---------- Dataset content ----------

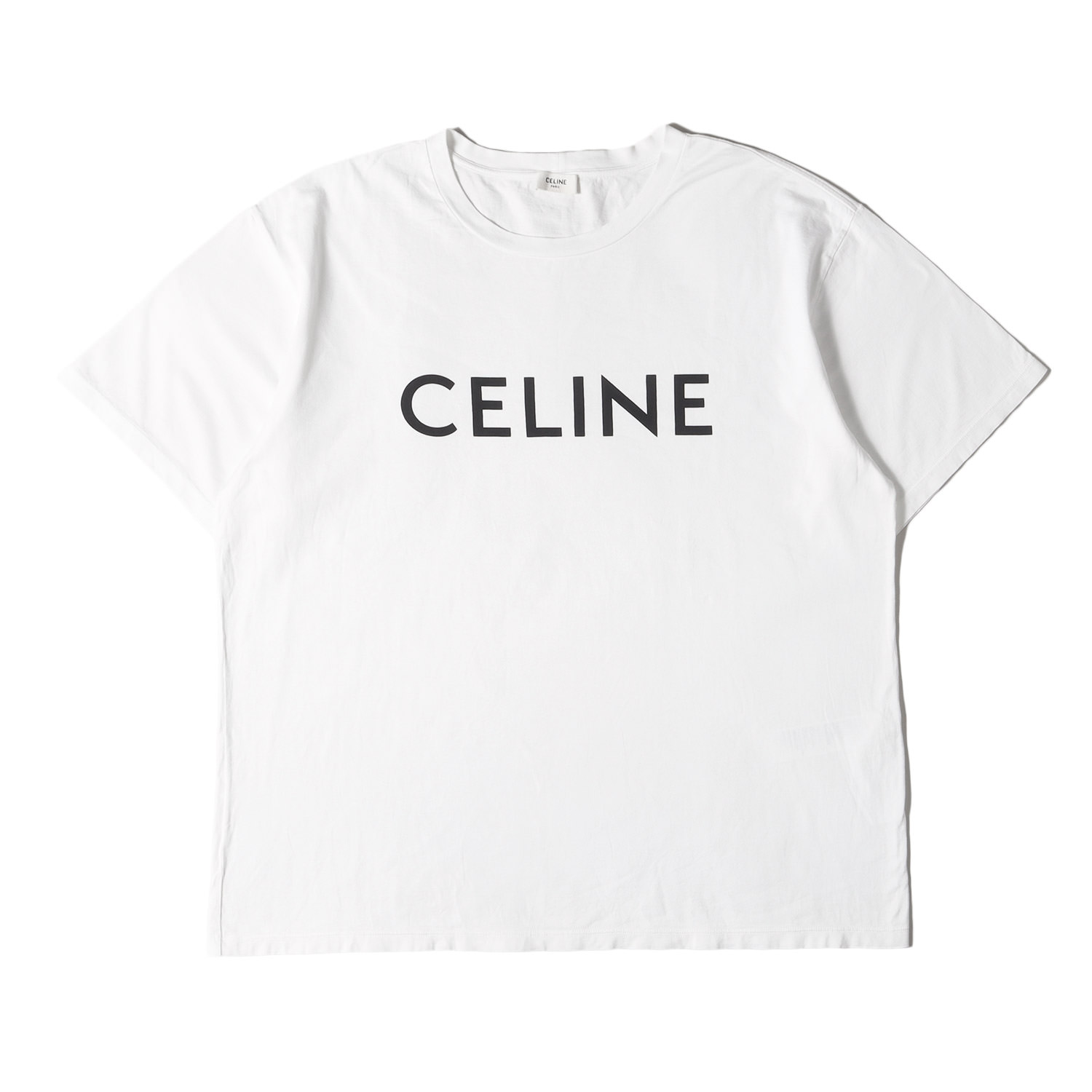 楽天市場】セリーヌ CELINE メンズ トップス Tシャツ 半袖 ロゴ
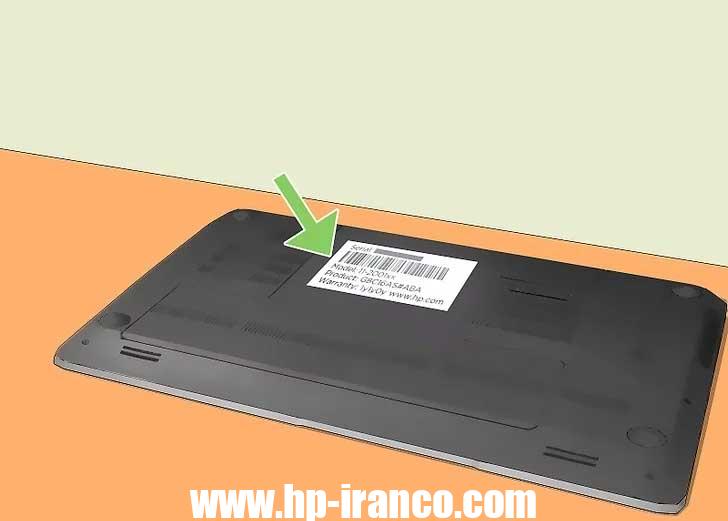 5 روش سریع برای پیدا کردن مدل لپ‌ تاپ اچ‌ پی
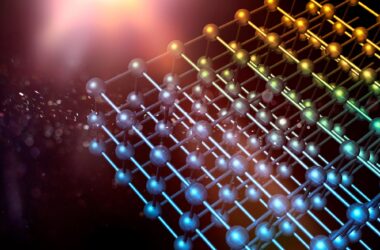 Nanotechnology 2D Materials 3D Structure Concept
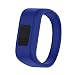 ANCOOL Compatible Garmin Vivofit JR Bands Replacement Silicone Sports Wristbands Compatible Garmin Vivofit JR/Vivofit JR 2/Vivofit 3(NOT Including Tracker) - Small Royal Blue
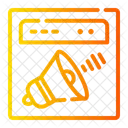 SEO Und Web Steuerung Registerkarten Symbol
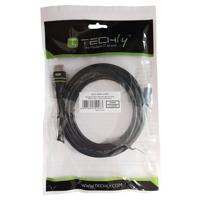 Techly 3.0m HDMI 1.4a/Micro HDMI D HDMI kabel 3 m HDMI Type A (Standaard) HDMI Type D (Micro) Zwart - thumbnail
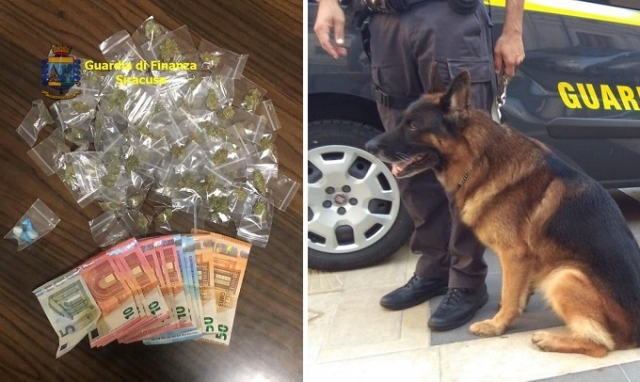 Siracusa, crack, cocaina e marijuana tra le "case parcheggio": arrestato un giovane
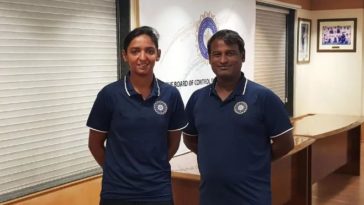 Ramesh Powar reappointed as head coach of Indian Women's Cricket Team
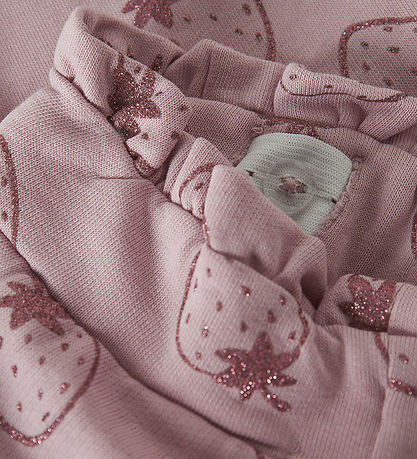 Name It Sweatshirt - NmfViluba - Burnished Lilac/Burnished Lilac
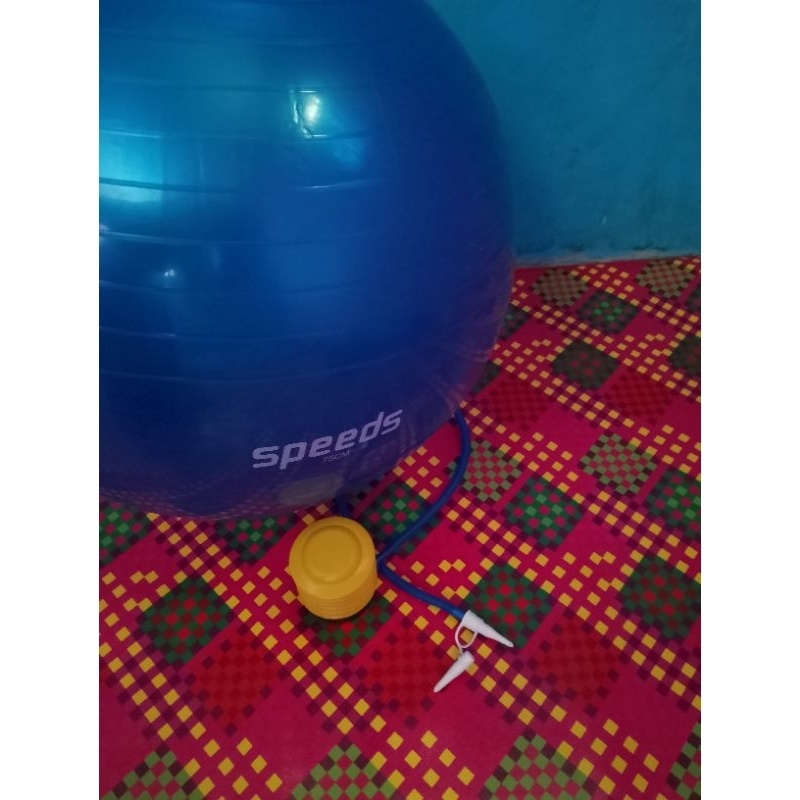 Preloved gymball speeds hamil ukuran 75cm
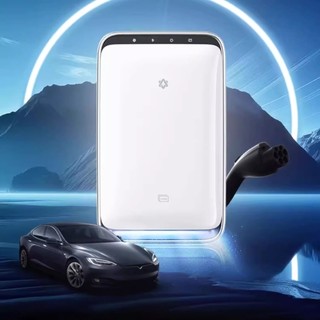 开拓者智能充电桩 Pro白7KW蓝牙4G版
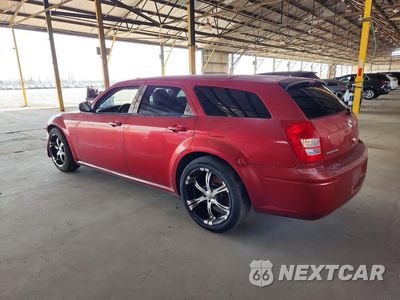 Drugie zdjęcie samochodu z przodu: 2005 DODGE MAGNUM SXT VIN:2D4FV48V85H129600 - miniatura
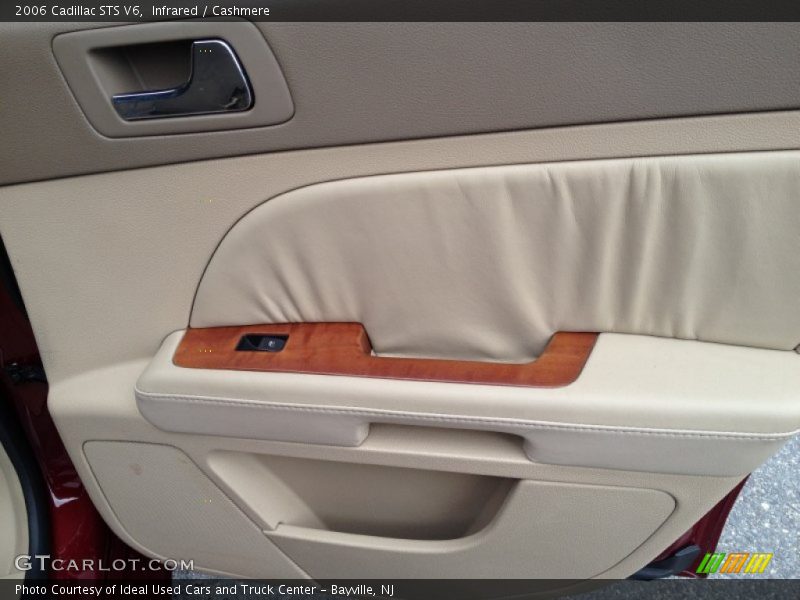 Infrared / Cashmere 2006 Cadillac STS V6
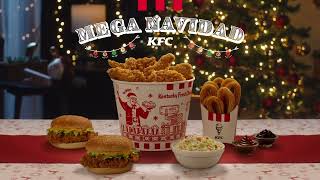 ¡Mega Navidad de KFC: ¡Llevá sabor único a tu mesa! 🎉🍗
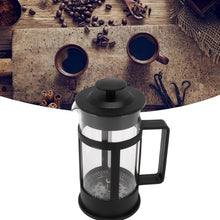 Coffee and Tea maker, Coffee Maker Glass Stainless Steel Coffee Press Glass Teapot for Camping Travel Gifts kitchen tools (Approx 350ml) - Justgrabit Inc.
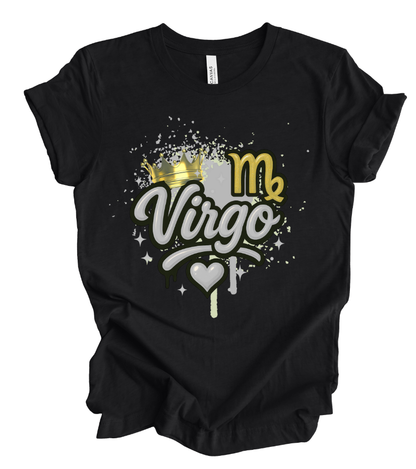 Virgo Drip T-Shirt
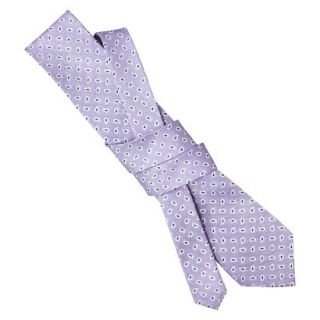Merona Mens Small Pine Tie Purple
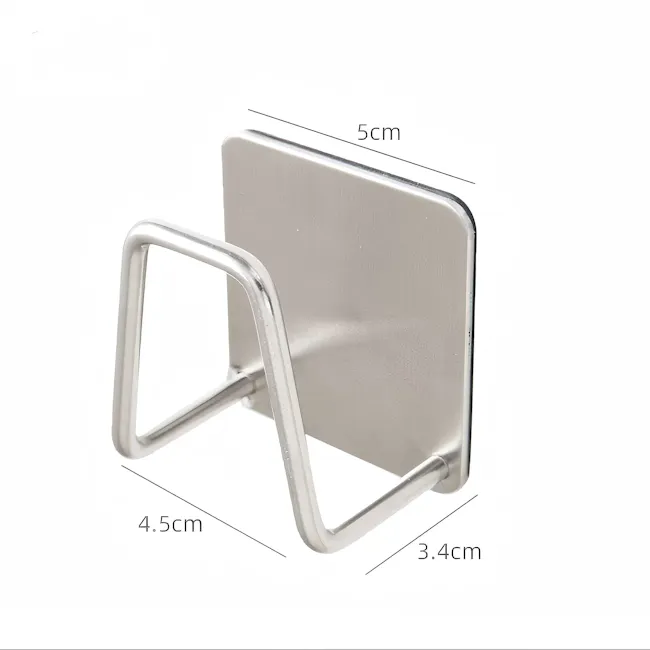 ESSENTIALS Sink Sponge Holder (Set of 2) - Silver - 5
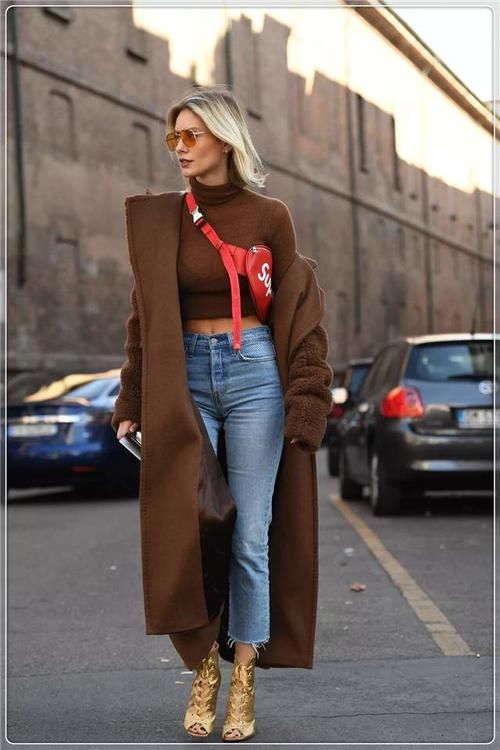 驼色已经成为了“前辈”，试试焦糖色＋这5种颜色，让人眼前一亮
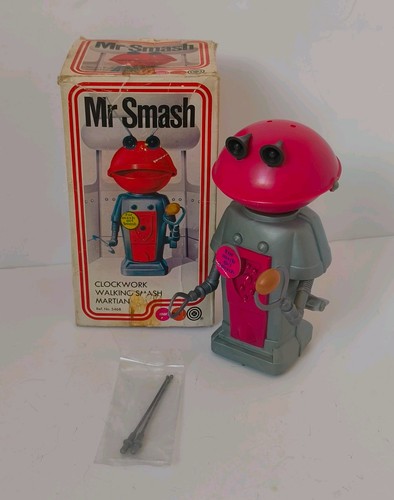 Vintage marx smash martian - mr,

----------

Work to be completed: Write out, exactly, the lines of the material from the very first through the line containing "tu mesa! 🎉🍗", and leave out every picture.

Final answer:
 楽天市場】セリーヌ CELINE メンズ トップス Tシャツ 半袖 ロゴ
 5 روش سریع برای پیدا کردن مدل لپ‌ تاپ اچ‌ پی
 Nanotechnology 2D Materials 3D Structure Concept
 ANCOOL Compatible Garmin Vivofit JR Bands Replacement Silicone Sports Wristbands Compatible Garmin Vivofit JR/Vivofit JR 2/Vivofit 3(NOT Including Tracker) - Small Royal Blue
 SEO Und Web Steuerung Registerkarten Symbol
 Techly 3.0m HDMI 1.4a/Micro HDMI D HDMI kabel 3 m HDMI Type A (Standaard) HDMI Type D (Micro) Zwart - thumbnail
 Siracusa, crack, cocaina e marijuana tra le "case parcheggio": arrestato un giovane
 Ramesh Powar reappointed as head coach of Indian Women's Cricket Team
 Name It Sweatshirt - NmfViluba - Burnished Lilac/Burnished Lilac
 Preloved gymball speeds hamil ukuran 75cm
 开拓者智能充电桩 Pro白7KW蓝牙4G版
 Drugie zdjęcie samochodu z przodu: 2005 DODGE MAGNUM SXT VIN:2D4FV48V85H129600 - miniatura
 Infrared / Cashmere 2006 Cadillac STS V6
 ¡Mega Navidad de KFC: ¡Llevá sabor único a tu mesa! 🎉🍗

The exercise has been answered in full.